I guess you haven't been keeping up the past 2 years.
The bears here were crying bubble since 2002, 2003, 2004 (aboutready sold), 2005, 2006, 2007.
We finally got the move down in 08 & 09 and the bears want MORE. They want another 20-60% down.
What's the difference between the bears today that's screaming for another 20-40% down compared to the 2006 Bulls screaming for another 20-40% up?
Delusionist.
What's the difference between the bears today that's screaming for another 20-40% down compared to the 2006 Bulls screaming for another 20-40% up?
in 2006 that's exactly what the bulls got.
Why would the bears expect different?
You are right about the bears calling bubble since 2002 b/c that's what it was.
It's the size, time frame and insane gov. and fed policy that confounded the time line, and the bears.
That's part of the reason that one intrinsically expects the bubble to deflate more.
Which it most certainly will.
I'm just out of the time line business.
Ask the Japanese how they feel about their time line to recovery.
That's funny, I'm a bull on Japan stocks. They are under-owned.
In Tokyo, Japan, the real estate there is extremely expensive. I liken it to Wayne, NJ.
I think what has held NY real estate from a full-on slide is the enormous amount of support the Feds have given to the banks. The tax credit and the stimulus helped the nation at large, but no area benefitted as much as NYC, where most banks are headquartered. I expect that the catalyst for the next leg down is the withdrawal of that support, which could happen sooner than we think. The GOP may only control the House, but it is sufficient to bring gridlock, especially since the mood is anti-elite, anti-fat cats, anti-government.
Take away or even cut down Fannie and Freddie, let a bank or two fail, or stop supporting the economy, and our fragile recovery will go poof. I think the pro-business Republicans have taken a backseat to the angry populists, and it's not farfetched to imagine that the conflation of ignorance, stupidity and political ambitions (for 2012) would lead to a second recession.
You may be right that New York would have been different if it were not for Fed action, but there are no do-overs and there's no way to prove the argument.
Manhattan is also aided by the usually causious considerations of Coop boards.
Houses and condo don't have that layer in critical financial inspection.
If this island was 100% condo the situation might be worse.
Remember...the forth biggest lie.
Manhattan RE is different than the rest of the country
(anyone remember the first three?)
How about demographics. Manhattan has far more wealth concentration than other areas of the country and also serves as an international hub. Manhattan is not a microcosm for the country as a whole, with all due respect to Wayne N.J.
Economy of scale.
The two bedroom Apartments in Allentown never reached a sale price of 2.2MM.
They had a different start point yet the graphs have the same curve.
I've been to Wayne and it's lovely.
RS, my argument is not for a do-over or a what-might-have-happened. I'm talking about the future, no the past.
New York State, in large part due to its finance industry, is a net payer to the federal government.

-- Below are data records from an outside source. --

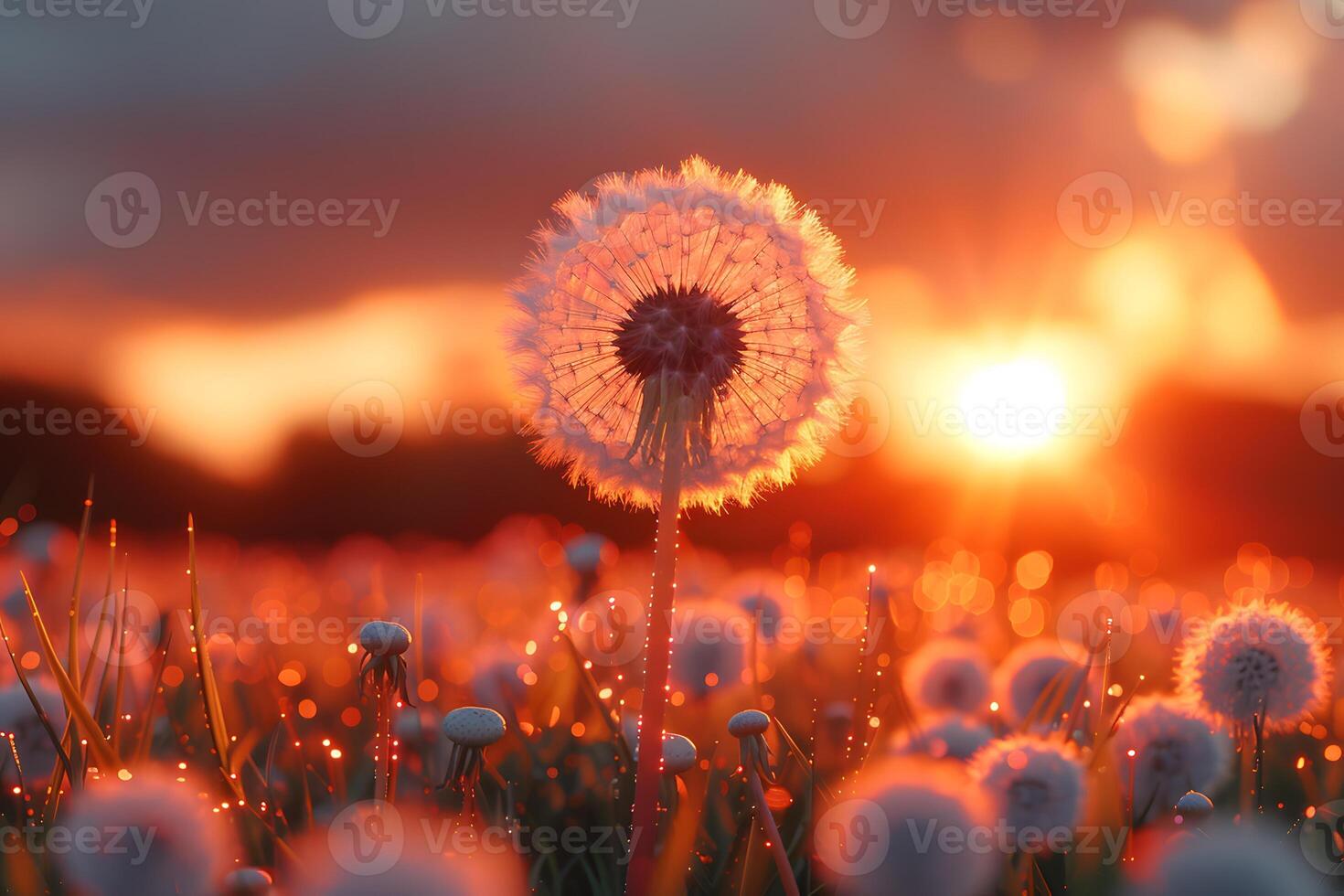 Serene Sunrise Over a Field of Dandelions - Nature s Tranquil Beauty for Inspirational Designs photo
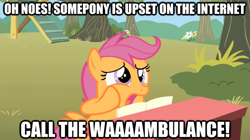 Size: 625x349 | Tagged: safe, derpibooru import, edit, edited screencap, screencap, scootaloo, the show stoppers, dialogue, image macro, reaction image, wambulance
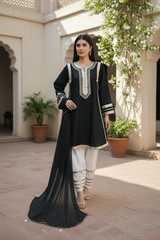 Lawn Three Piece Frock With Chiffon Dupatta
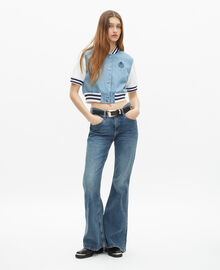 The Kooples FEMME BLUE WHITE blouson teddy manches courtes en denim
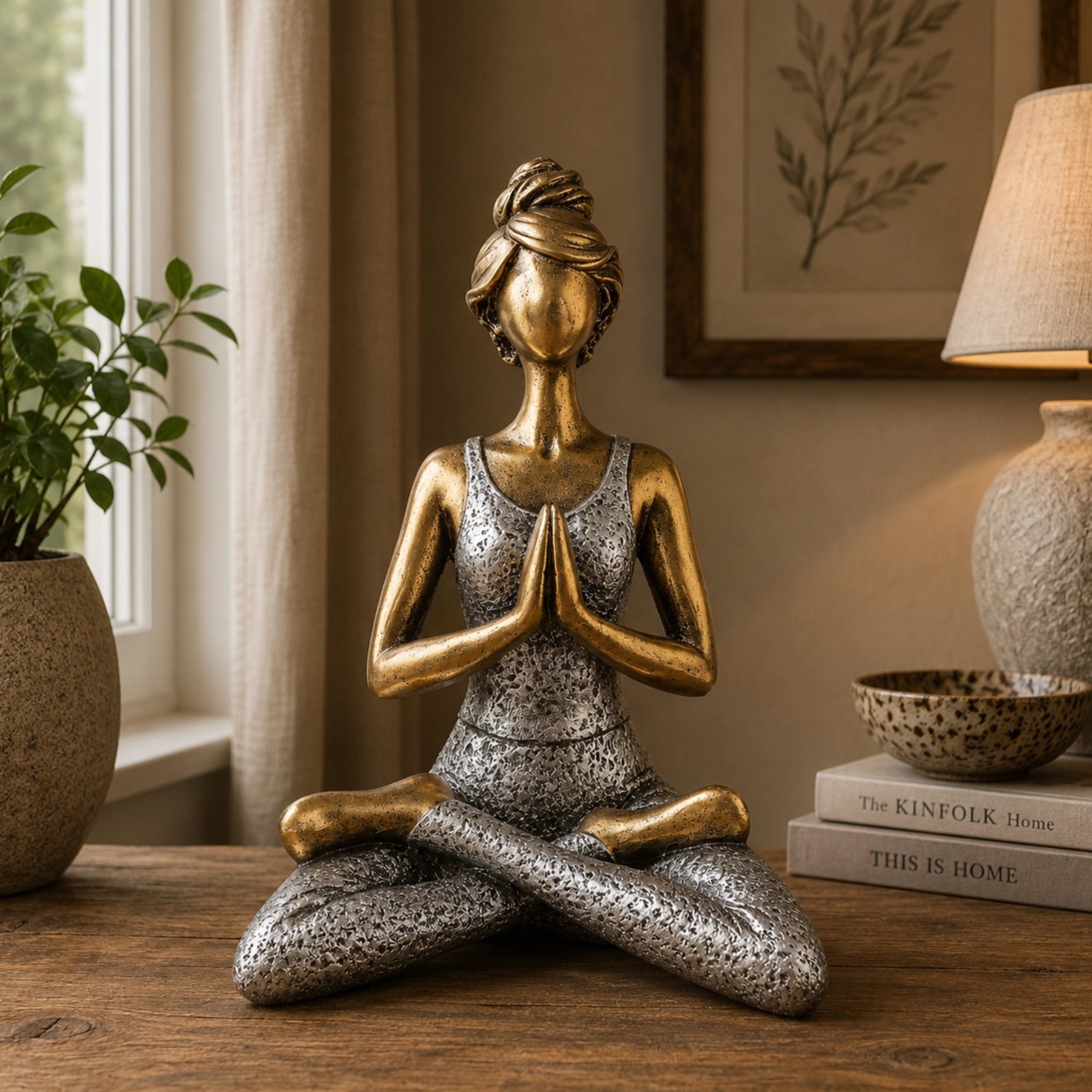 Yoga Lady Figure - Bronze & Silver 24cm depicts a serene woman in a seated meditation pose, blending bronze and silver tones for a calming decorative accent.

Flmaozz. Yep, we are a net contributor to social security, until we are not. Flmaozzzzzzz.
Yo Falco, a little lime Please.
Riverbuycunt. Flmaozzzzzzz. Such a tool.
Flmaozzzzzz.
Bank's were earning their margin, but someone forgot to tell them....... It ain't about the 3yrs or margin. It's about the Fking principal.
NYS ain't a net contributor to Feds anymorez. Flmaoz.
Flmaozzzz. Lic ph buyer = delusionist.
Fkatardo. We are arguing degrees that THIS bubble will deflate TO.
How can someone who denied this bubble now ask us prescient callers to task? It's like a Nazi symphatizer wanting to serve on the Gehring's jury?
"How can someone who denied this bubble now ask us prescient callers to task? It's like a Nazi symphatizer wanting to serve on the Gehring's jury?"
I'm particularly entertained by the bubblistas now claiming that they were buying stocks March 2009. I'll leave it to you to make the appropriate analogy.
The word bubble has been over-used. No bubbles today. We do have over-valuation which is not the same thing.
300% up, 20% down. No bubble? Dude I'd double chk that hole u stick your penis in. Your eyesight ain't no good.
Pls tell us how you switched from RE to stks in 2009!!!!!! Damn. I'm sure when the bubble is done deflating, you'll tell us how you sold in 2007.
Inonada. The key is winner's selection and loss denial. It is so so so rampant and so well documented by riverbuycunt's incessant denial. It's hilarious.
W67: For my personal finances and investing, RS has been an invaluable tool. This is why I continue to engage his otherwise one-person threads.
One can read about how the masses can act irrationally, you can talk to get a glimpse of it from acquaintances, but rarely do you get a full and candid look at the mind of the masses, how perceptions change over time, how beliefs and actions behave contradictorily, and how heads are stuck in the sand when confronted with facts and logic contradictory to positions and viewpoints.
While your posts are an invaluable source of entertainment for me, the true education lies in RS.
Can't go wrong going left when rent stabilizer calls for right.
Oh, I wouldn't go that far. In the short term, the masses run the game. Many a penny has been made by people who ride the herd with the ability to jump off before the cliff.
See Soros and his calling of gold as "the ultimate bubble" while holding sizable long positions.
LOL,
I suspect the rise in gold has the potential to end in bubble. While the rise in Gold has some legitimate reasons, I suspect it's facilitated by central bank keeping real rates in negative territory. If rates rise, Gold will probably come down a bit, before beginning act II.
What a wild thread - not sure where to start:
Riversider:
one million can't even buy a really top end one bedroom, but is this is true in any top end city. Just check out Vancouver.
All this comparison to Vancouver does is show that a bubble valuation is comparable to other cities which are also in a bubble. Vancouver is in a huge bubble. 50%-70% of income goes to housing costs in Vancouver. Check out minute 15-17 in this interview of Nicole Foss by Max Keiser. If you have the stomach for it, she is also suggesting drops of up to 90% of RE around minute 19 when the SHTF (hey W67, she makes you look bullish! < giggle >)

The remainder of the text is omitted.